The bank's new strategy, formulated under chairman Yair Seroussi, is quite different than that of his predecessors, Shlomo Nehama and Danny Dankner. Nehama and Dankner led the bank through a massive process of overseas expansion and acquisitions, under the belief that Hapoalim had exhausted its growth potential within Israel. Now, thanks to the implementation of the Basel III banking regulatory standards in Israel and around the world, banks need to become more conservative and cut their leverage, which forces them to focus on their core business.
By cutting operations overseas, Hapoalim will be able to maintain its level of operations within Israel - its core business - without having to drop corporate customers or market share.
Even so, its decision to close the London branch is surprising, since in the board's third quarter reports, published all of a month and a half ago, the bank stated that its strategy included expanding operations at that very branch. However, strategic discussions continued after that report was published and the board members ultimately changed their minds.

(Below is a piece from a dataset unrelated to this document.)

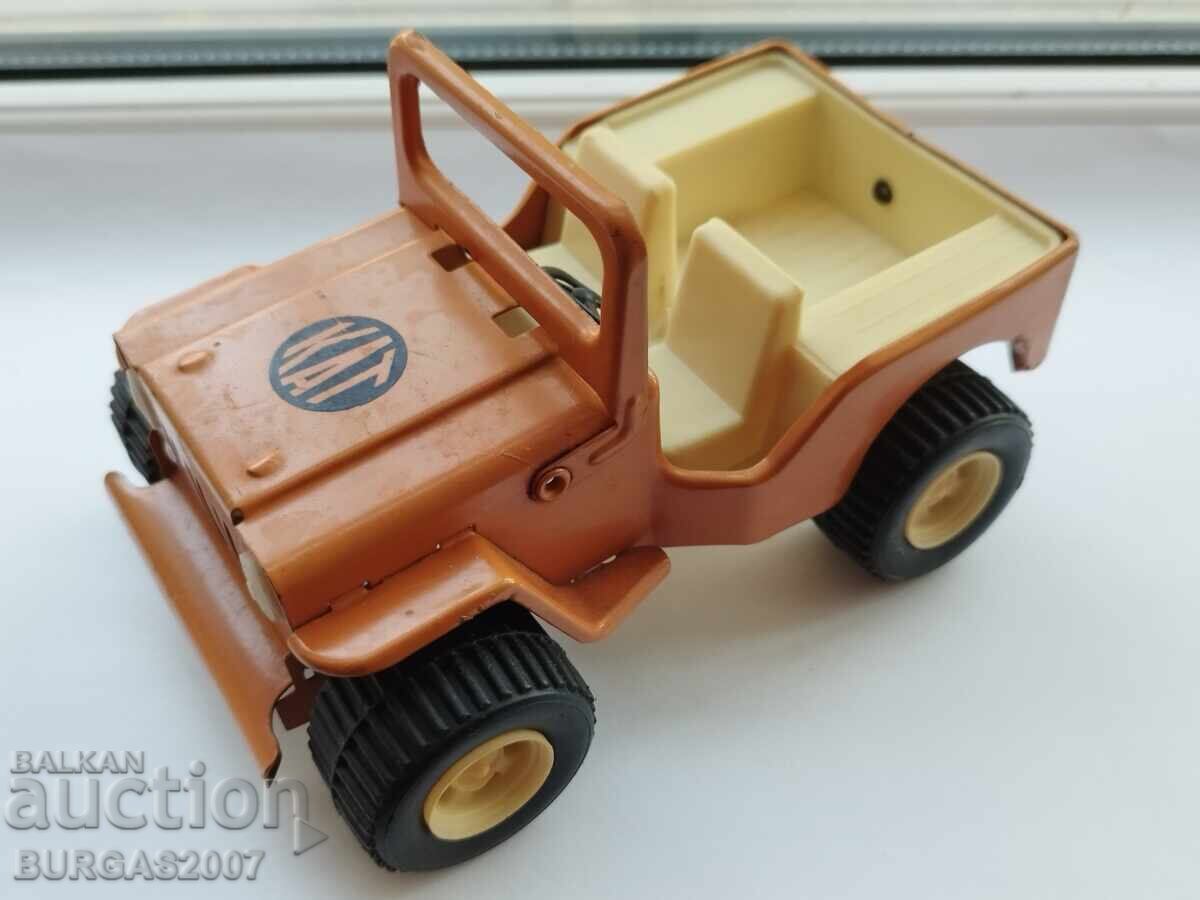 Δημοπρασία Παλιό λαμαρινένιο αυτοκινητάκι, τζιπ, ΚΑΤ, ΛΔΒ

The London branch makes corporate loans, mainly to Israeli businesses with operations in London. It also has a trading room and offers private banking to well-off individuals.
This makes Hapoalim the third Israeli bank to scale back operations in London. Bank Discount shut down its private banking operations there, and now only offers corporate banking services. And the First International Bank of Israel (Beinleumi ) announced in August that it would be leaving the U.K. capital, too.
Banking sector sources said one of the reasons could be that in the wake of the global financial crisis, Britain has tightened banking regulation, which makes banking less profitable within the United Kingdom.